### Exercise
Among the lines below, keep only those from the one containing "أنداز النخلة دبي" through the one containing "Pro-Ject Signature 10 SuperPack Turntable", and reproduce them exactly.

### Data for this exercise
◇ ◇ ◇ ◇

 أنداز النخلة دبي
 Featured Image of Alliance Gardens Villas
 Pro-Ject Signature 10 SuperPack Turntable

◇ ◇ ◇ ◇

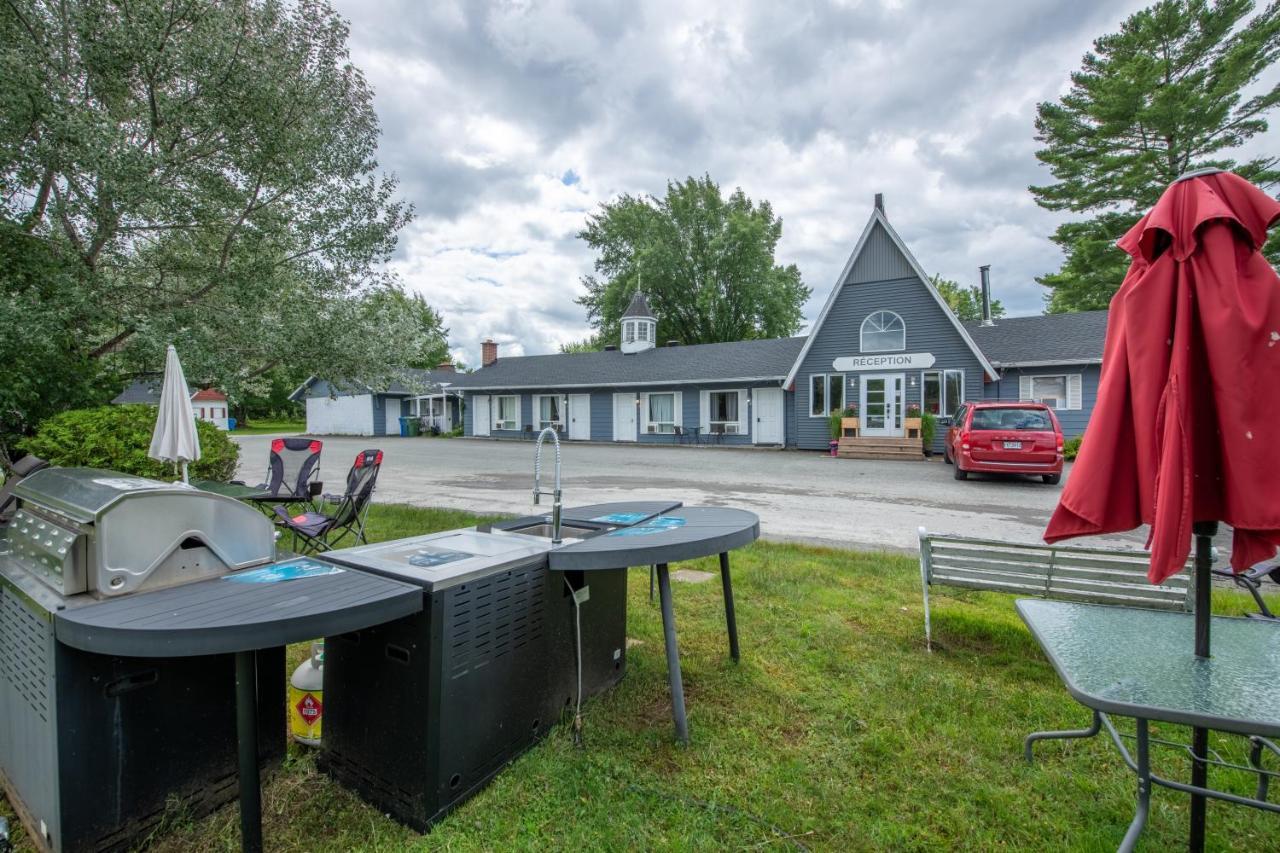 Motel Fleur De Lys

◇ ◇ ◇ ◇

### Final answer
 أنداز النخلة دبي
 Featured Image of Alliance Gardens Villas
 Pro-Ject Signature 10 SuperPack Turntable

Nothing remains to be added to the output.